Create a search index schema.

In [40]:
# index_client = SearchIndexClient(
#     endpoint=endpoint, credential=credential)
# fields = [
#     SimpleField(name="id", type=SearchFieldDataType.String, key=True, sortable=True, filterable=True, facetable=True),
#     SearchableField(name="title", type=SearchFieldDataType.String),
#     SearchableField(name="snippet", type=SearchFieldDataType.String),
#     SearchableField(name="keywords", type=SearchFieldDataType.String),
#     SearchableField(name="link", type=SearchFieldDataType.String),
#     SearchableField(name="displayed_link", type=SearchFieldDataType.String,
#                     filterable=True),
#     SearchField(name="titleVector", type=SearchFieldDataType.Collection(SearchFieldDataType.Single),
#                 searchable=True, vector_search_dimensions=1536, vector_search_profile_name="myHnswProfile"),
#     SearchField(name="snippetVector", type=SearchFieldDataType.Collection(SearchFieldDataType.Single),
#                 searchable=True, vector_search_dimensions=1536, vector_search_profile_name="myHnswProfile"),
# ]

Configure the vector search configuration.

In [41]:
# vector_search = VectorSearch(
#     algorithms=[
#         HnswAlgorithmConfiguration(
#             name="myHnsw"
#         )
#     ],
#     profiles=[
#         VectorSearchProfile(
#             name="myHnswProfile",
#             algorithm_configuration_name="myHnsw",
#         )
#     ]
# )

Create an instance of the search index.

In [42]:
# index = SearchIndex(name=index_name, fields=fields,
#                     vector_search=vector_search)
# result = index_client.create_or_update_index(index)
# print(f' {result.name} created')

<a id="4"></a>
## Insert text and embeddings into vector store
[Back to the top](#0)

In [43]:
from azure.search.documents import SearchClient

In [44]:
# len(documents)

Upload all documents to the vector store. Again, we divide our data into chunks because Searchclient can't upload 8192 document at one time.

In [45]:
# search_client = SearchClient(endpoint=endpoint, index_name=index_name, credential=credential)
# c = int(np.ceil(len(documents) / 1000))
# k = 0
# for i in range(c):
#   n = len(documents) - 1000 * (c-i-1)
#   result = search_client.upload_documents(documents[k:n])
#   k = n

<a id="5"></a>
## Vector similarity search
[Back to the top](#0)

In [46]:
search_client = SearchClient(endpoint=endpoint, index_name=index_name, credential=credential)

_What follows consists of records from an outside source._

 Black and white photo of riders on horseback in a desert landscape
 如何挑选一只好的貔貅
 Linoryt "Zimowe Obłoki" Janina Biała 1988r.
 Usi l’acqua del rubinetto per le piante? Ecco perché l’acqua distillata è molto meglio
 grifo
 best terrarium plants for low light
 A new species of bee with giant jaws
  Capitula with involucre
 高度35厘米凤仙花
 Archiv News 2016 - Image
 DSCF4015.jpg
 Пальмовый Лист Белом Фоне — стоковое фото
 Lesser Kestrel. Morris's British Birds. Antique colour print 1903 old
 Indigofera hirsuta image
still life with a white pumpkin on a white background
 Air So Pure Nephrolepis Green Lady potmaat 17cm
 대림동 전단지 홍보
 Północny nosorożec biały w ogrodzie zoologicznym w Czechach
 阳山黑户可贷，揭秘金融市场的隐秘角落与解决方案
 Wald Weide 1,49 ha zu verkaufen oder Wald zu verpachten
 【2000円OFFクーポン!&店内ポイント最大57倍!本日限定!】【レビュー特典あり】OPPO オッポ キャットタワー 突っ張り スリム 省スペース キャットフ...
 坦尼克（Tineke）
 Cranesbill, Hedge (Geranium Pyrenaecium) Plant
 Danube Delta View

Create an embedding for the query and find top-6 similar embeddings of `titleVector` and `snippetVector`. Print `title`, `snippet` and `link` of the corresponding documents.

In [47]:
from azure.search.documents.models import VectorizedQuery

query = "Welded wire mesh"

embedding = client.embeddings.create(input=query, model=embedding_model_name).data[0].embedding
vector_query = VectorizedQuery(vector=embedding, k_nearest_neighbors=50, fields="titleVector, snippetVector")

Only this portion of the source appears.